This risky possibility is introduced by the conditional waiting in the P operation: if the proper conditions to raise the semaphore are never met, every process could be stuck forever waiting on a P that will never become valid. The classic illustration of this problem appeared as an exam question on Dijkstra’s 1965 programming course, where it was called the ‘Dining Quintuple’, although its popular formation is as ‘Dining Philosophers’ (Dijkstra, 1971). In this scenario, five philosophers sit around a central bowl of spaghetti, with one fork between each. A philosopher needs two forks to begin eating and must pick them up one at a time; but if each philosopher takes the fork to their left, no forks remain on the table to be picked up in the right hand. In this situation, no-one can eat; and there is no way to use semaphores to prevent this. Of course, this metaphor seems rather artificial; and as Ben-Ari (1990) notes “it is part of the folklore of computer science to point out that the story would be more believable if the bowl contained rice and the utensils were chopsticks”. Perhaps spaghetti and philosophy stick closer together in the minds of European computer scientists thanks to the Enlightenment—the discussion by Hoare (1972b) specifically identifies the philosophers with Benthamism—rather than permitting the more apposite, but less Western, metaphor.

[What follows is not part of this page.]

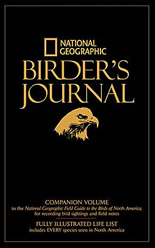 National Geographic Birder's Journal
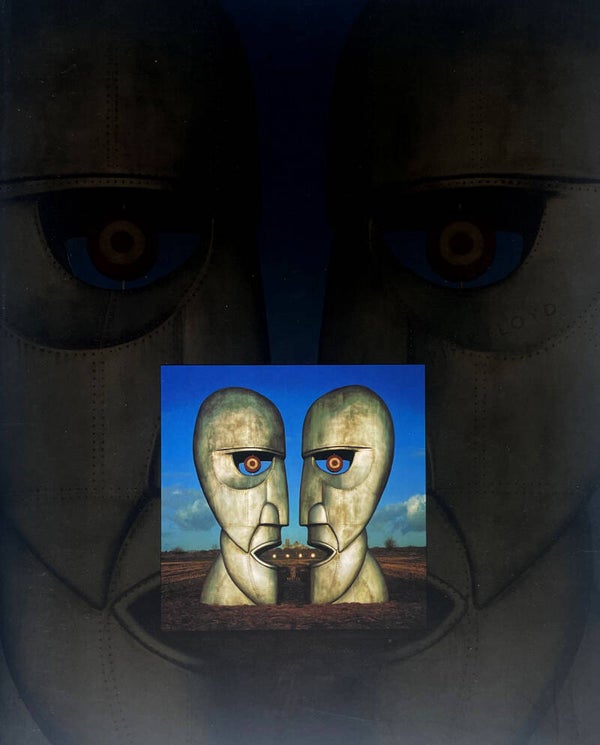 Pink Floyd - European Tour 1994 [UK] - Tour Programme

As the Dining Philosophers example illustrates, semaphores can’t prevent every problem in concurrency. Indeed, poorly-ordered semaphore operations can even introduce them. With the use and challenge of concurrency only increasing throughout the late 1960s and into the 1970s, motivation arose for a more sophisticated primitive. Once again we turn to Dijkstra to seek its roots. His 1968a treatise originated in the lecture notes for a programming course, but this didactic style was typical of him. The work is full of mantras about good programming, and specifically did not include a “fully worked-out theory”, but instead showed the first developments of a new culture which would soon take over programming.

5 Structuring Programming

From the early 1970s the search was on to find an improved programming construct for concurrency: Dijkstra in particular was very strong in his “constant encouragement in the search for a concept to ‘replace’ the semaphore in a high-level programming language” (Hoare, 1972b). Let us focus on three researchers whose interactions during the first years of the decades shaped the following story: Dijkstra, Tony Hoare, and Per Brinch Hansen. A chronology is provided by Brinch Hansen (1996), which tends to agree with the sequence of events discussed by Hoare (in Jones, 2016). However, single-author retrospectives are notorious for unreliability; and in this case, it becomes quite clear that there is no single-person story here.

The three met at a summer school in Marktoberdorf in 1971 and shared their ideas about managing concurrency, finding they had been thinking along similar lines (Brinch Hansen, 2004). A follow-up seminar was organised by Hoare in Belfast on operating system techniques, which Brinch Hansen attended, though Dijkstra did not, fearing terrorist attack. A further important venue for the discussion, sharing, and improving of these ideas, according to Hoare (1974), was IFIP’s Working Group 2.3. This “elite member’s club” (Haigh, 2019) was formed in 1969 when a group of dissenters (including Dijkstra and Hoare) broke away from Working Group 2.1 in protest at the ALGOL 68 definition. WG 2.3, formed as ‘Programming Methodology’, reflected a new priority in computer science: moving away from programming language definition, by now beginning to seem a little old-hat, and toward application of ideas taken from that older paradigm to the programming level (Astarte, 2022).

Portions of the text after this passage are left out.